As Galia Bar Or characterizes it in the catalog of the Ein Harod show, “The gallery conveys the memories of the ghosts of the past, commemorates the torment of the Nakba, and opens its gates to anyone who creates art: Jews, Palestinians, and others. Its mission statement is the creation of a venue of dialogue grounded in the realization that we are all created in the divine image. Said and Farid, it seems, not only grew up with this awareness but also undertook to disseminate it.
The first time I came to interview the brothers about their art gallery, 22 years ago, Said also took me to his home. There, he showed me the studio where, working late at night, the only free time he had, he did his own painting. Leaning against the walls were a number of finished works -- large, bold-stroked canvases, all of them focused on the theme of power, particularly power out of balance. I remember one painting, for example, of a muscular horse flailing on its back on the ground, while above it in the air flies a faceless and anonymous fighter jet. The violence is not overt, but the threat is overwhelming. Yet, although the horse is clearly defenseless, it retains a certain dignity.
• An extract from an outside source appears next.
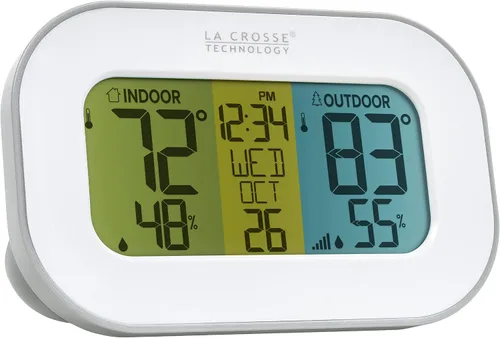 Vista 3 de La Crosse Technology Estación de temperatura inalámbrica 308-148 con LCD tricolor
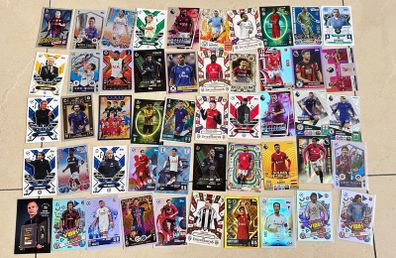Mixture of Panini and Match Attax cards from 23/24, 24/25, 25/26 seasons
At the time, Said spoke directly about what directed him to paint horses, and also bulls -- farm animals that represent power and pride, but that he was also matching up against modern weapons of war, for which they are no match. Attacking from the sky, the airplanes are oblivious to the majesty of what they can so easily destroy.
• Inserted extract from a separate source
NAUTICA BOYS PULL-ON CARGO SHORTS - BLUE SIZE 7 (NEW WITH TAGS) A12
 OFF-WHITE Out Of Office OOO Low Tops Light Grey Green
“I love them and identify with them,” he told me at the time, about the animals. “I see them as me, and so I put them in all kinds of situations that I myself have been in. Whenever I was on my back and exposed to the airplane,” by which I assumed he meant an overwhelming threat, “I was saved. How? Thanks to my sense of survival. Because of my balance.”
By this past spring, having returned to painting two years earlier, he was now depicting hyenas and bulls, although in a similar manner to the earlier works. And he still says that his paintings “talk about my own war of survival. That is, a war for existence of the strong and wild, the bull, who wants to live, and who sometimes wins and sometimes is vanquished.
“I don’t want to be a hyena -- wild and a predator -- I want to be a bull who fights for his very existence. And so, the symbolism of my being a bull fighting for existence, it will always be with me, whether it’s a bull or it’s a horse. The technique can change, maybe the way I do it will change, but I will always be within that bull or that horse.”
While a large portion of Said’s canvases and drawings portray large and powerful, even masculine, figures, whether animals or jets, another portion is devoted to paintings are of the women of his town – not only Maryam, but other family members and neighbors. Needless to say, these are not remotely risqué depictions of conventional beauty, but impressionistic images in blue, red and black of village elders, women who went through the trials of the Nakba, keeping their families and their society together, but whose impassive faces betray little sign of what they may have endured.
Beyond the paintings of Umm al-Fahm residents, there is also the library of video interviews. To date, the gallery’s archive, which is directed by Prof. Mustafa Kabha, has collected and digitized interviews with more than 600 people from the area, many of them no longer alive. Added to that are still photographs of than 800 residents, and thousands more that have been collected from Palestinians dispersed around the world. And when Walid Abu Shakra, the oldest of the brothers, died in 2019, he willed to the archive his own collection of some 10,000 photographs that he had shot during his regular visits to Umm al-Fahm after his move to London in 1974.
•••
As long as I have known him, Said has evinced a sense of responsibility for the preservation of Palestinian memory. On the one hand, this is the straightforward mission of the archive, but it is also reflected almost inevitably in his and his relatives’ creative work, which could only have been done by Palestinian artists. Yet because, like the gallery’s shows, almost none of the artwork is overtly political or preachy, it makes it easier for viewers of non-Palestinian background to identify emotionally with it, without coercing them into drawing political conclusions from it.
As Israeli Arabs become increasingly confident about their right to talk about the Nakba, large numbers of Jews have come around to accepting that acknowledgment of the Palestinian narrative does not constitute the first step toward national suicide. But at least an equally large portion of Israeli society sees an existential threat in such an open discussion. Among them, the determination to shut off any possibility of such a discussion – by law, if necessary – only grows stronger. The willingness of the “coalition of change” that governed the state during the past year to accept an Arab party as a legitimate member of that coalition, seen by so many as an important step toward greater integration of the Arab minority – and inevitably, of its narrative -- into Israeli society, was for many on the right catastrophic. For them, reconciliation and a shared society are not the prize to be sought; the best the Arabs can expect is being tolerated, if they remember their place.
For Said Abu Shakra, there is no alternative to reconciliation, and he is certain that can only be achieved on a level playing field, where both peoples begin from a position of equality.
“You’re here, and I’m here, this is my pain, and we both are permitted to mourn over our history” – that’s his aspiration. “Let me mourn, let me cry, over the loss of my house, for example. But that doesn’t mean that are competing in this, we will build a shared future… at the center of which is the idea that we are both human beings. And equal. You understand?”